10代後半の4人に1人が「環境問題を知り、行動を変えた」と回答――サステナブル消費者調査
ボストン コンサルティング グループ(BCG)が日本の消費者を対象に行った最新の調査によると、10代後半の24%が「地球温暖化や気候変動問題を知って行動を変えた」と回答した。今回が9回目となる調査を基に、消費者のサステナビリティへの意識を深掘りし、行動変容へのきっかけを探る。
環境問題に関する情報源として学校を挙げた10代後半は32%
調査は日本全国の15歳から69歳までの3,300人を対象に実施した。「地球温暖化や気候変動問題を知って行動を変えた」と答えた割合を年代別に見ると、10代後半が24%と最も高く、続いて40代と60代(ともに21%)となった(図表1)。
「地球温暖化・気候変動問題」に関する情報源を聞いたところ、10代後半が「学校・職場での研修や授業・セミナー」を挙げた割合は32%に上った(図表2)。これは他の年代の「学校・職場」との回答(10%未満)と比較して高く、学校教育が10代後半の消費者の環境意識に大きな影響を与えていることがわかる。

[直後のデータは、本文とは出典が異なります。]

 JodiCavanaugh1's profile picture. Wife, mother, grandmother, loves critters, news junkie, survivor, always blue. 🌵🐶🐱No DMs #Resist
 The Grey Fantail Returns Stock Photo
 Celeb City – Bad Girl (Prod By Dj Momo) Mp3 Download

環境負荷の少ない商品を購入する理由は「気象の変化を感じるから」
「環境負荷の少ない商品を買いたい」と回答した消費者は全体の66%であり、「環境負荷の少ない商品を選んでいる」と回答したのは約半分の31%だった。これは前回調査とほぼ同じ水準で、消費者の行動変容は進んでいないといえる。
環境負荷の少ない商品を購入している人にその理由を尋ねたところ、最も多い回答は「気象の変化を感じるから」だった(図表3)。

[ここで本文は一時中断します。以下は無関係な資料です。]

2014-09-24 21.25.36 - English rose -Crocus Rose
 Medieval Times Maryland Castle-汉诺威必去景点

年代別にみると、10代後半の回答は、「気象の変化」(44%)に次いで「学校での学び」(39%)だった(図表4)。
調査を担当したBCGのプリンシパル、伊原彩乃は次のようにコメントしている。「10代後半の回答をみると、気象変化の実感と学校教育による知識・思考が組み合わさることで、単なる関心喚起にとどまらず、実際の行動変容にも影響を与えていると考えられる。
一方、環境負荷が少ない商品の購買に踏み出せない最大の理由は、過去の調査と変わらず「情報不足」だ(図表5)。「環境によい」「エコ」といった漠然としたメッセージだけではなく、カーボンフットプリント、環境ラベルなど、製品やサービスの環境的側面を具体的・定量的に伝える情報が必要となる。農林水産省・経済産業省・環境省など政府での検討が進んでおり、BCGもご支援している。今後の展開が期待される」
■ 調査資料
「サステナブルな社会の実現に関する消費者意識調査結果」
環境問題をはじめとしたサステナブルな社会の実現に関する消費者意識の変化を定点的、かつ長期的に観測する調査。態度変容の兆しやフックとなる情報・事象の把握、購買行動変化の兆しをつかむことを目的とし、2021年2月から調査を実施。